そういって、宍戸さんが困ったように部室の隅っこに目をやった。…部室の隅っこには、体育座りをして「の」の字を延々と書き続ける花子さんの姿があった。どよーんとした空気を身にまといながら、ぶつぶつと何かをつぶやいているのだが、「日吉日吉日吉日吉…」と俺の名前をずっとよんでいることに寒気がし無視することにした。

…この先輩は、いったい俺にどうしてほしいっていうんだ。わけがわからない。



「あー…花子、元気だせって」


「グスン…」


「ほら…チョコやるからよ」


マジでか!きゃー!宍戸ありがとう!好きー!」


「「…………。」」


宍戸さんも花子さんの態度の豹変にため息をつきながらも、いつものことだと肩をすくめながらチョコを与えている。

傍目からみたら、餌付けをしている飼育員だ。




「……もぐもぐ、おいひい」


「お前食べながらしゃべんな」


「はーい、もぐもぐ」



じゃあ俺は部活に戻るから、後は頼む。と宍戸さんが部室を出て行った。……途端に、花子さんが何かを思い出したようにピタッ!と動きをとめ、じーっと俺を見ている。


いや気のせいだ。きっと気のせいだ、見ていない見ていない見ていない見ていない見ていない見ていない見て………。…………。



すごいガン見されている。



「………何か用ですか」


「トリックオアトリート」


「………はぁ」


「お菓子!じゃなきゃ悪戯!」


「お菓子ならさっき跡部さんにもらってたじゃないですか。山ほど」


「日吉のがいーの!」


そういって駄々をこねる先輩にため息をつき、あぁ…どうしようか。お菓子をあげないかぎり、これは離してくれない気がする…。


ここをどう乗り切ろうかとあれやこれやと考えていると、自分のポケットに違和感があることに気づく。

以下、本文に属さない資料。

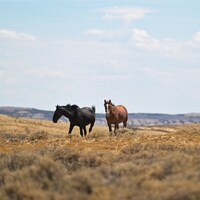There's no wild horse problem in Colorado, meat industry to blame (Opinion)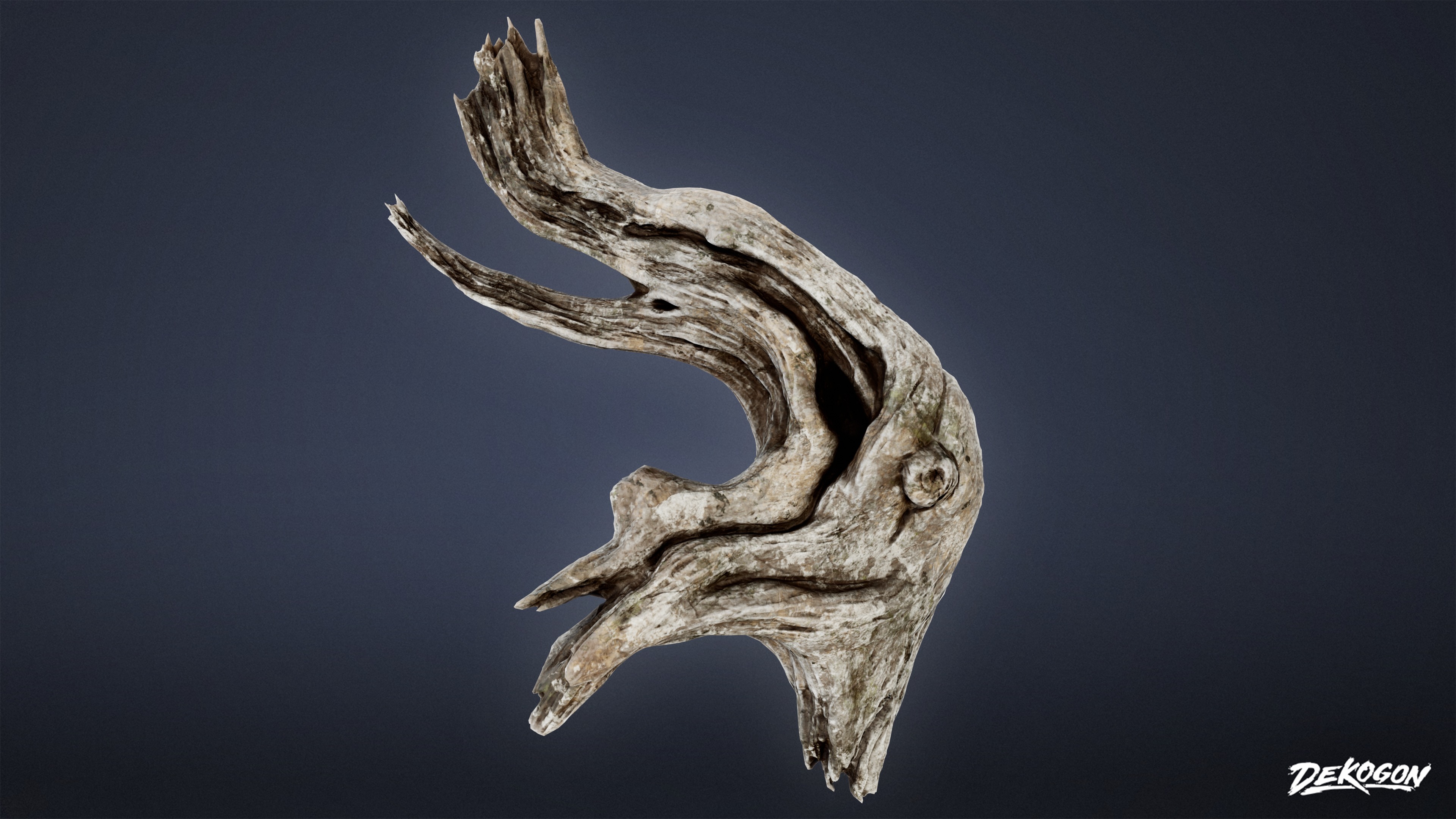 FOLIAGE - Driftwood 1011 - LOW POLY AND NANITE Low-poly 3D model_6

ごそっとポケットに手をつっこめば、さつまいも味のキャラメルがでてきた。(あぁ…そういえばクラスの男子にもらったっけ。)




「……先輩、これあげます」


「………!いいの?」


「いいですよ」



たかだか100円ちょっとのお菓子に先輩は目を輝かせ、うれしそうに走りまわっている。正直パタパタうるさいが、こんなに喜ばれるとこっちも困るというか、怒りたくても怒れない。



「ぎゃー!ぎゃー!日吉からの、お菓子ぃいいい!」



「う…うるさいです。キャラメルなんかで喜ばないでください」



「ぎゃああああああああ!」




その後、いつまでも喜び続ける花子さんにとび蹴りをかまし沈めてやった。こんなハロウィンもたまにはありだよな…とか思うはずもなく、どたばたのハロウィンで終わったのだった。